A Cumbrian council has been fined £120,000 after two women were killed by reversing bin lorries in the space of nine months.
South Lakeland District Council was prosecuted by the Health and Safety Executive (HSE) following an investigation that found the local authority had failed to tackle the risks from reversing vehicles.
Carlisle Crown Court heard the first incident happened on a single-track lane off Easedale Road in Grasmere on 2 June 2010. Mary Cook had been walking down the track while on holiday with her husband when she was struck by a reversing rubbish truck. The 54-year-old from Nottingham died from her injuries.
The driver pleaded guilty to causing death by careless driving in a separate prosecution. However, the HSE investigation also found that it was normal practice for 7.5 tonne bin lorries to reverse down the long track to reach a holiday rental home, without a council employee walking behind to guide the driver.

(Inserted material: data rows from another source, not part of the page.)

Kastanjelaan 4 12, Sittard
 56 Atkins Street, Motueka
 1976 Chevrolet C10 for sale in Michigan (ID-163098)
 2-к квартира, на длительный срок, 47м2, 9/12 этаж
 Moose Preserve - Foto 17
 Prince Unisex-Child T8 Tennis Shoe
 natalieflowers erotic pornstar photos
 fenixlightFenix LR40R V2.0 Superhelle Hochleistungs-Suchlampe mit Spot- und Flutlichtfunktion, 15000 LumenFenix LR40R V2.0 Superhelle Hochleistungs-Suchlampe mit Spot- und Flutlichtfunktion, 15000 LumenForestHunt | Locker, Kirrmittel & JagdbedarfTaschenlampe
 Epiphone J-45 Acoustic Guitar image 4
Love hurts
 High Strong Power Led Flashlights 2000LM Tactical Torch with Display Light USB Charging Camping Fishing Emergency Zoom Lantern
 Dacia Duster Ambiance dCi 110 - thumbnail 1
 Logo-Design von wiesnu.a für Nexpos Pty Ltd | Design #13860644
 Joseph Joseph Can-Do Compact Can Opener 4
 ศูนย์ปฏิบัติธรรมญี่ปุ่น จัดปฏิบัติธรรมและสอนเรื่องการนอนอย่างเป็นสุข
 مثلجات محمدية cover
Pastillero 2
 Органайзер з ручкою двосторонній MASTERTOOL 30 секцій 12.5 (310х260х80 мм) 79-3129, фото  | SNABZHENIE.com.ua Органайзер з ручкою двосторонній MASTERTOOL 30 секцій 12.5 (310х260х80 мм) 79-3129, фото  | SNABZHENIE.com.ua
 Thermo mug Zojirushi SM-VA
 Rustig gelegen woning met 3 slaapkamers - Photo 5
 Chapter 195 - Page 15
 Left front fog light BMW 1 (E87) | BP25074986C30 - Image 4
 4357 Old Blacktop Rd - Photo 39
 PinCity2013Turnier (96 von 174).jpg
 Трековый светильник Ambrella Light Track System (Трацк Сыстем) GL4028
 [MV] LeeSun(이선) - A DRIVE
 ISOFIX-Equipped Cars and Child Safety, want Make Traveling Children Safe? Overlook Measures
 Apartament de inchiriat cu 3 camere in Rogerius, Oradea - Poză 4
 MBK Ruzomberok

The court was told the council should have reviewed all its bin collection rounds following the incident to eliminate reversing whenever possible, or to make sure employees guided drivers from behind vehicles when there was no other option but to reverse.
This did not happen and instead reversing was actually introduced at St Mary's School on Prince’s Road in Windermere where the second incident occurred.
The council had been carrying out fortnightly collections of recycling waste from outside the school gates for a term when it changed its system and instead began reversing the trucks onto the school grounds to collect the rubbish.
On 17 March 2011, council employee Dorothy Harkes, 58, from Ulverston, was walking behind a rubbish truck to guide the driver when she was struck, causing fatal injuries.
The driver of the vehicle was also convicted of causing death by careless driving but the HSE investigation concluded that there had been no need for council trucks to reverse onto the school grounds.
South Lakeland District Council was fined £120,000 and ordered to pay £50,000 in prosecution costs after pleading guilty to two breaches of the Health and Safety at Work etc Act 1974.